■ Task inputs
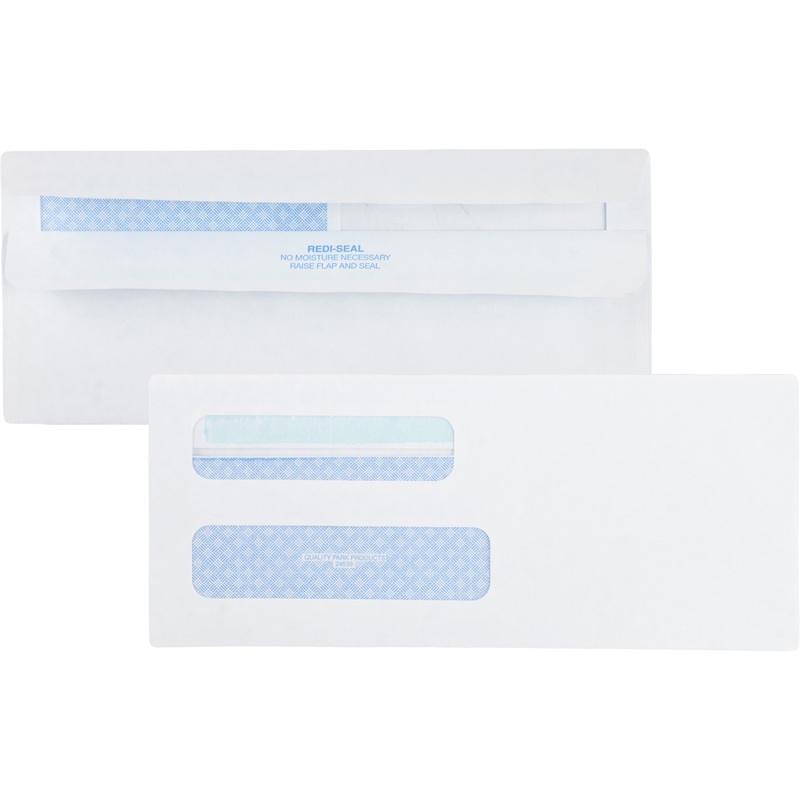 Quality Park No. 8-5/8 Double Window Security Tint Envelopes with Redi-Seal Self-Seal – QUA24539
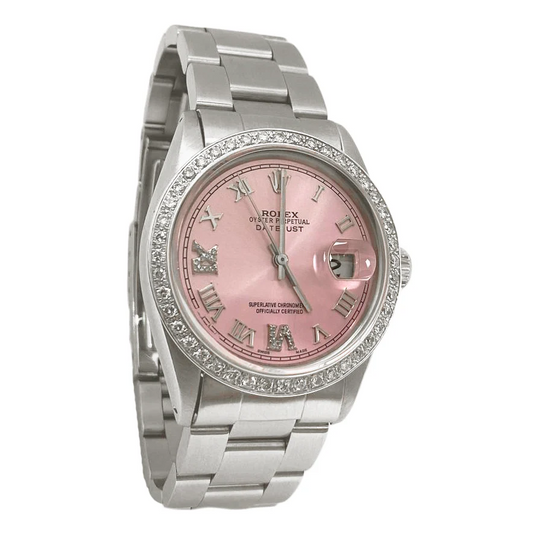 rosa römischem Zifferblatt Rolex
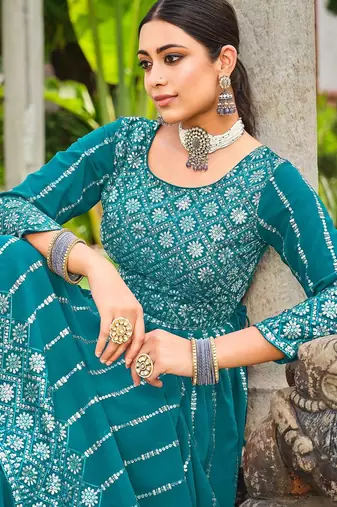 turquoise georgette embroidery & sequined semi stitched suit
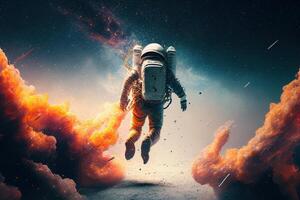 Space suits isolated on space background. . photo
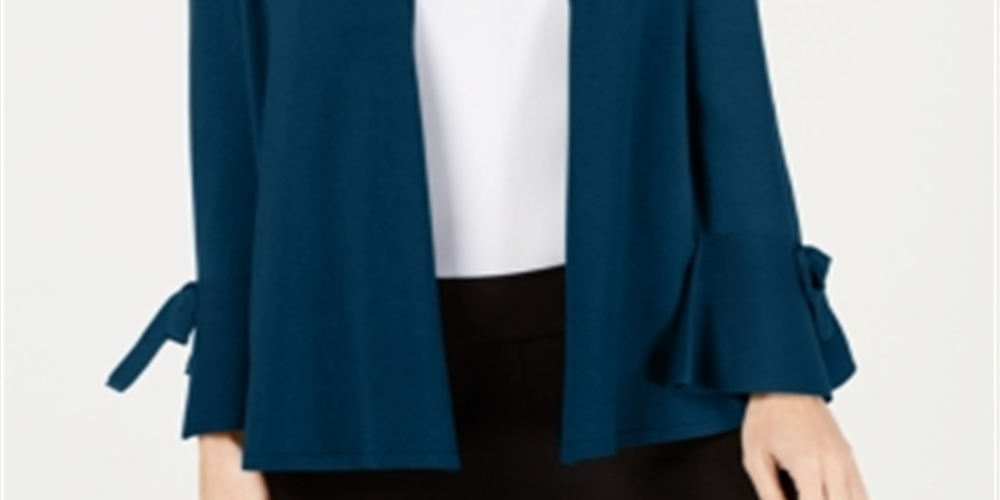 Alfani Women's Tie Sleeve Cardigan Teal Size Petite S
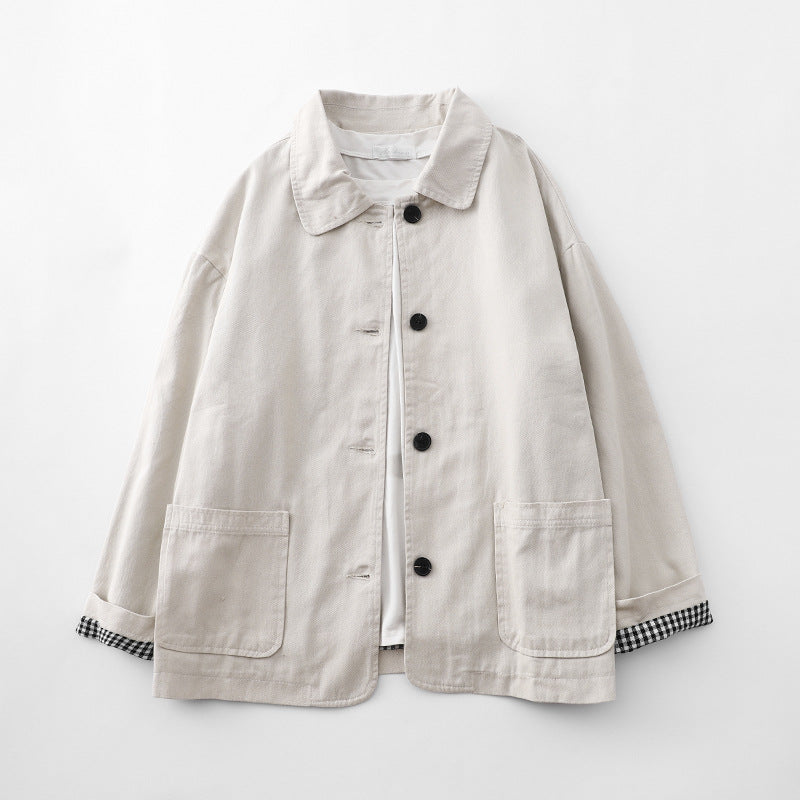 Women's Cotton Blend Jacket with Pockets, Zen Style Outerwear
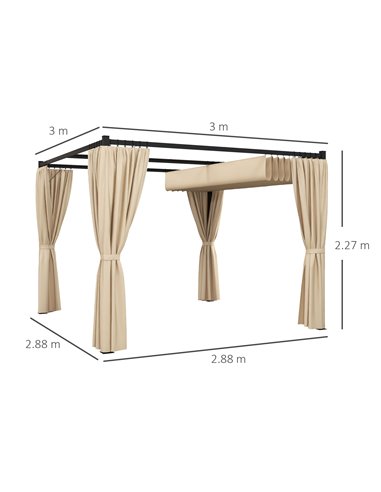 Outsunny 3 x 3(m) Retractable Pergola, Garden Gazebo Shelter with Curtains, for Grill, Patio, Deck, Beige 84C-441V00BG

■ Task goal
Your copy must hold every record above in its exact wording and must hold no pictures.

■ Task answer
 Quality Park No. 8-5/8 Double Window Security Tint Envelopes with Redi-Seal Self-Seal – QUA24539
 rosa römischem Zifferblatt Rolex
 turquoise georgette embroidery & sequined semi stitched suit
 Space suits isolated on space background. . photo
 Alfani Women's Tie Sleeve Cardigan Teal Size Petite S
 Women's Cotton Blend Jacket with Pockets, Zen Style Outerwear
 Outsunny 3 x 3(m) Retractable Pergola, Garden Gazebo Shelter with Curtains, for Grill, Patio, Deck, Beige 84C-441V00BG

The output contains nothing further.